### Supplied data:
-- Opening Marker --
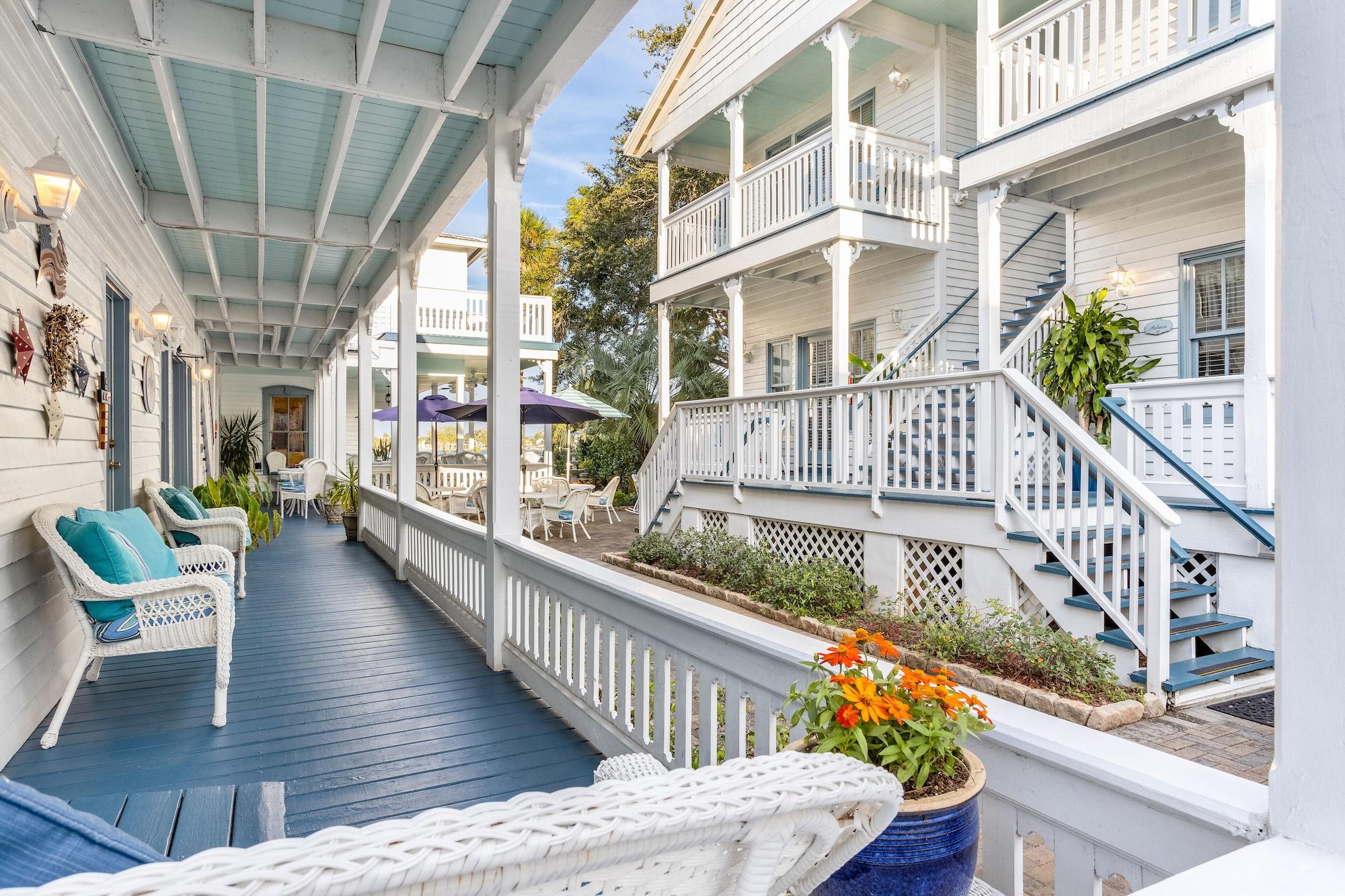 Equipamiento de Habitación Bayfront Westcott House St Augustine B&B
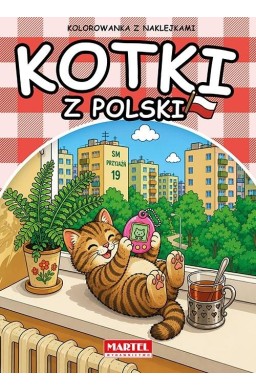 Kotki z Polski z naklejkami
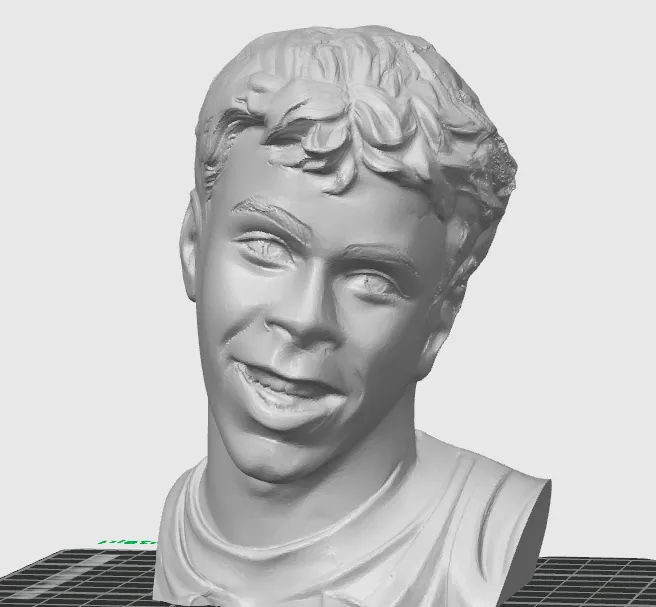 Lamine Yamal Bust F. C. Barcelona Spain by CanariasPrinter3D - MakerWorld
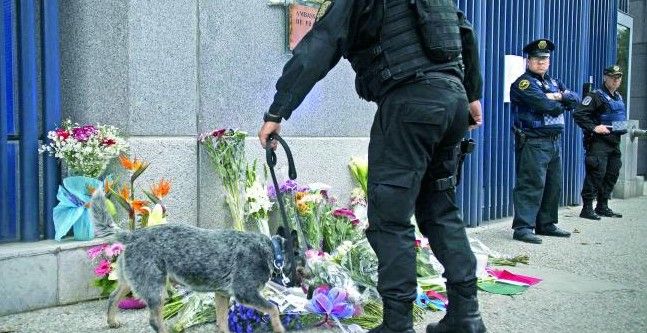 Implementan vigilancia en embajadas en el D.F.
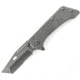 Schrade Frame Lock Folder, 3.7 in. Tanto Point, ComboEdge SCH301S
-- Closing Marker --
### Problem:
Go through the data above and transcribe it in full, omitting any image.

### Exercise output:
 Equipamiento de Habitación Bayfront Westcott House St Augustine B&B
 Kotki z Polski z naklejkami
 Lamine Yamal Bust F. C. Barcelona Spain by CanariasPrinter3D - MakerWorld
 Implementan vigilancia en embajadas en el D.F.
 Schrade Frame Lock Folder, 3.7 in. Tanto Point, ComboEdge SCH301S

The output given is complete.